■ **WORK TO BE COMPLETED**
Reprint all records below exactly. No images.

■ **GIVEN ENTRIES**
+-------+
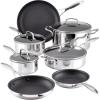 imageCirculon C1 Series Stainless Steel Nonstick Cookware Set  11Piece  Induction Pots ampamp Pans Set with ScratchDefense Metal Utensil Safe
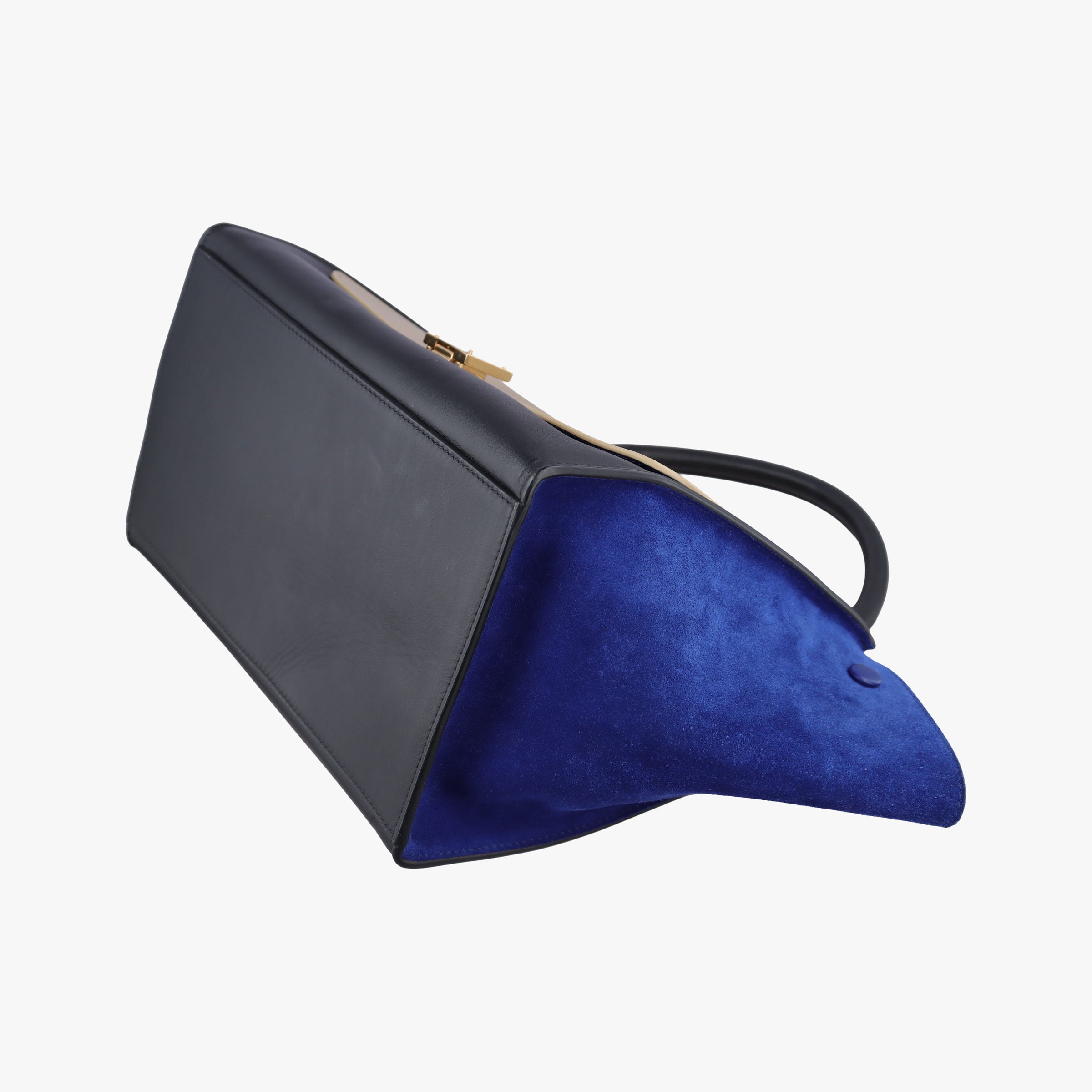 Pre-owned Celine Trapeze Beige×black×blue Suede × leather  shoulderbag | stylenewstar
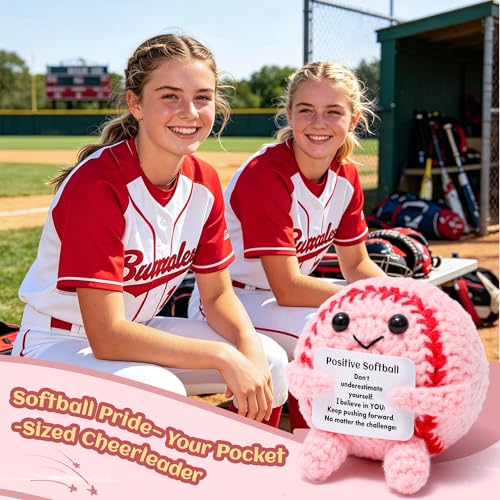 Mini Funny Positive Pink Softball Gifts for Girls, Knitted Wool Softball Crochet Toy with Positive Card, Cute Emotional Support Cheer Up Keepsake Gift for Kids Girls Women Friends Sister College - style: Softball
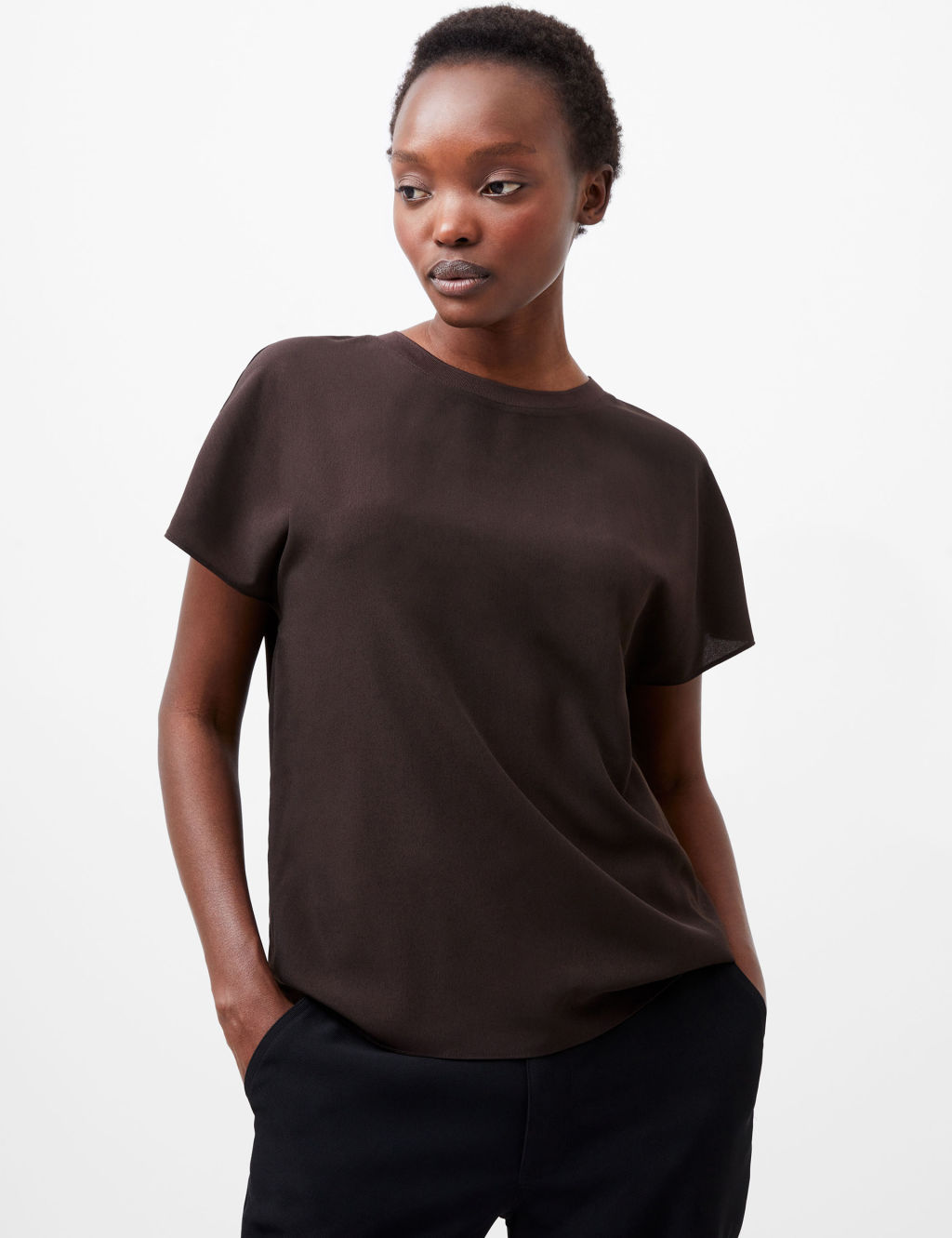 Crepe Crew Neck Top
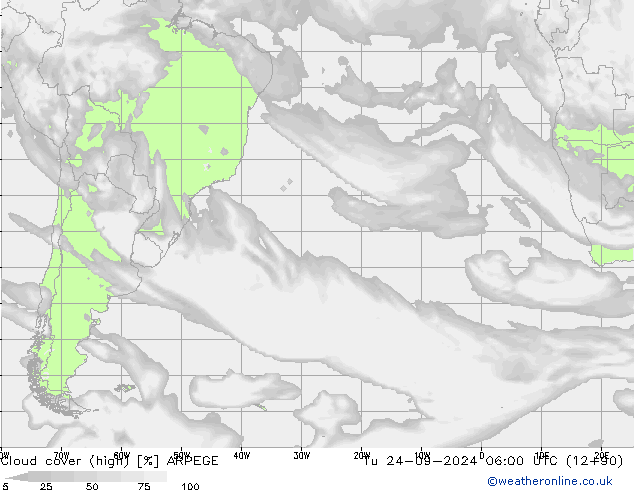 zachmurzenie (wysokie) ARPEGE wto. 24.09.2024 06 UTC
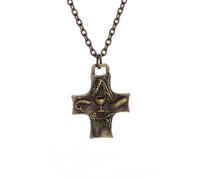 SDFXCDR necklace men Vintage Bronze Christian Eucharist Halo Grape Juice Cross Necklace Men Women Catholic Holy Spirit Church Jewelry graduation gifts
+-------+
■ **RESPONSE TO THE TASK**
 imageCirculon C1 Series Stainless Steel Nonstick Cookware Set  11Piece  Induction Pots ampamp Pans Set with ScratchDefense Metal Utensil Safe
 Pre-owned Celine Trapeze Beige×black×blue Suede × leather  shoulderbag | stylenewstar
 Mini Funny Positive Pink Softball Gifts for Girls, Knitted Wool Softball Crochet Toy with Positive Card, Cute Emotional Support Cheer Up Keepsake Gift for Kids Girls Women Friends Sister College - style: Softball
 Crepe Crew Neck Top
 zachmurzenie (wysokie) ARPEGE wto. 24.09.2024 06 UTC
 SDFXCDR necklace men Vintage Bronze Christian Eucharist Halo Grape Juice Cross Necklace Men Women Catholic Holy Spirit Church Jewelry graduation gifts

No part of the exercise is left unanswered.